Under Utah Code § 73-4-5, water rights claimants generally have 90 days from the day a notice of completion of survey is served to file a written statement of claim with the State Engineer or the clerk of the district court. For Proposed Determinations, water users who disagree have 90 days under Utah Code §§ 73-4-12 and 73-4-15 to file an objection with the court. Missing these deadlines can mean permanently losing or reducing water rights — making timely legal representation critical.

Can I lose my Utah water right if I don't use it?

Yes. Utah water rights can be lost through forfeiture for non-use. The general rule is that a water right must be beneficially used within a 7-year period or it may be forfeited — though some exemptions apply, including for rights where the holder has beneficially used substantially all of the water right during the 7-year period. Filing a non-use application with the Utah Division of Water Rights can protect a water right during temporary periods of non-use due to drought, system repairs, or other valid reasons.

What is the Doctrine of Prior Appropriation in Utah?

Utah follows the Doctrine of Prior Appropriation — often summarized as "first in time, first in right." Under this doctrine, the water user with the earliest priority date has the first right to use water from a particular source. In times of shortage, junior water rights holders must reduce or stop their use before senior water rights holders are affected. This system has governed Utah water since the 1840s and is the foundation of every Utah water rights case.

Can I sell or transfer my Utah water right?

Yes, but water rights transfers in Utah require filing a change application with the Utah Division of Water Rights when changing the point of diversion, place of use, type of use, or nature of use. The State Engineer evaluates whether the change would impair other water rights. Selling or transferring a water right also requires careful title work — water rights have their own chain of title separate from the underlying real property and can have complex histories. Many water rights sales have failed due to undetected title problems.

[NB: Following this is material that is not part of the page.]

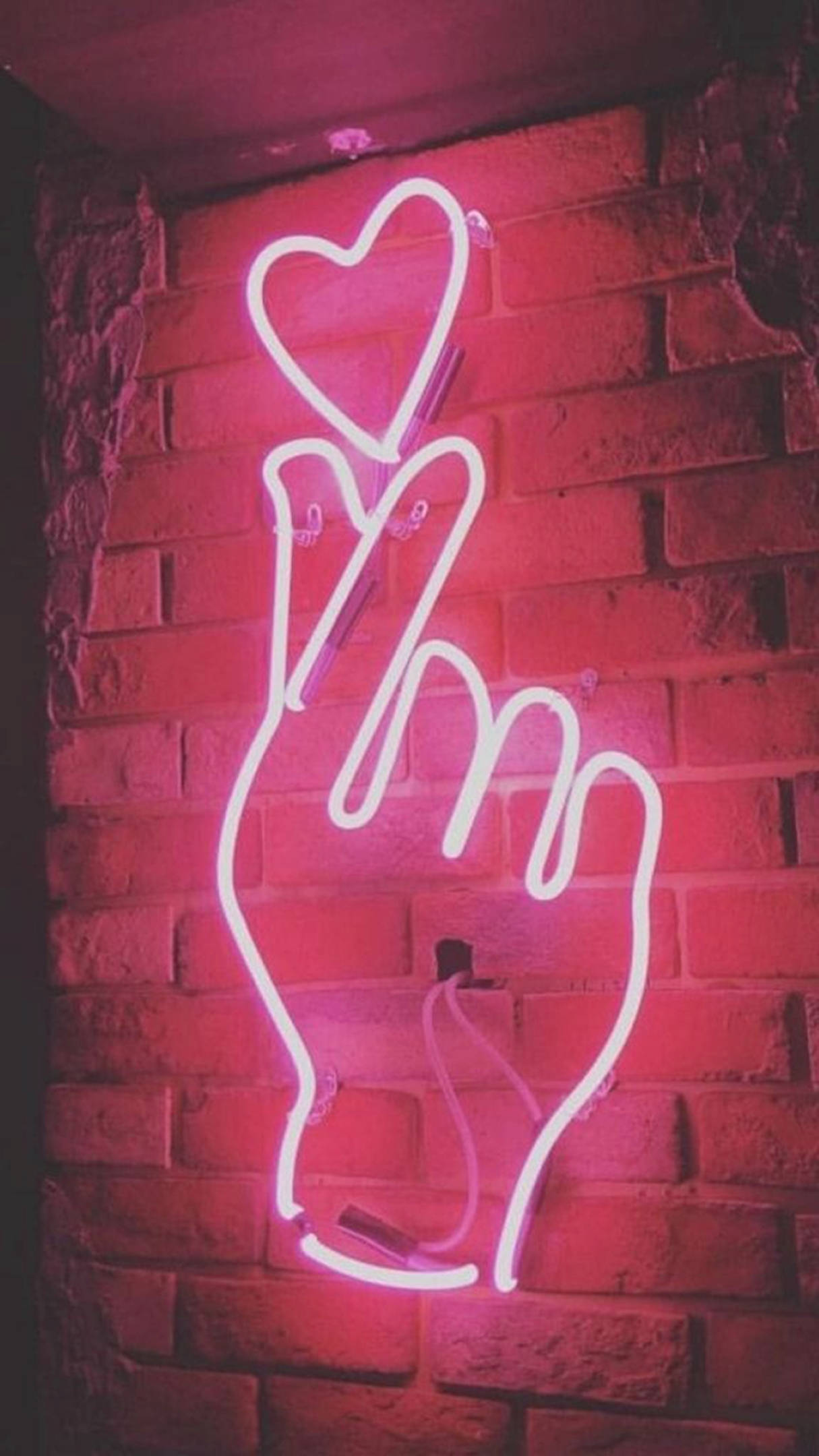 Sydänsormi neon tiiliseinä Taustakuvat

Do I need a water right to drill a well in Utah?

Yes. Under Utah Code Title 73, you generally must have a water right or shares in a water company to drill a well and use groundwater for any beneficial use beyond a very limited "domestic exempt" category. The domestic well exemption is narrower than people think — it generally allows up to 1/4 acre-foot annually for indoor use only, no irrigation. For most well drilling projects in Southern Utah, an attorney can help determine whether you have or can acquire a valid water right, secure the necessary appropriation, and navigate the well drilling permit process.

How do water shares in a water company differ from a water right?

In Utah, water rights are often held collectively by water companies — organized typically as nonprofit corporations under Utah Code Title 16, Chapter 6a — which then issue "water shares" to members representing a proportional interest in the company's water. Many Southern Utah landowners receive water through these company shares rather than directly through a water right. Buying property with water shares requires understanding what shares actually exist, what they entitle the owner to use, what the company's articles and bylaws permit, and whether assessments are current. Water share titles can be murkier than the underlying real property titles.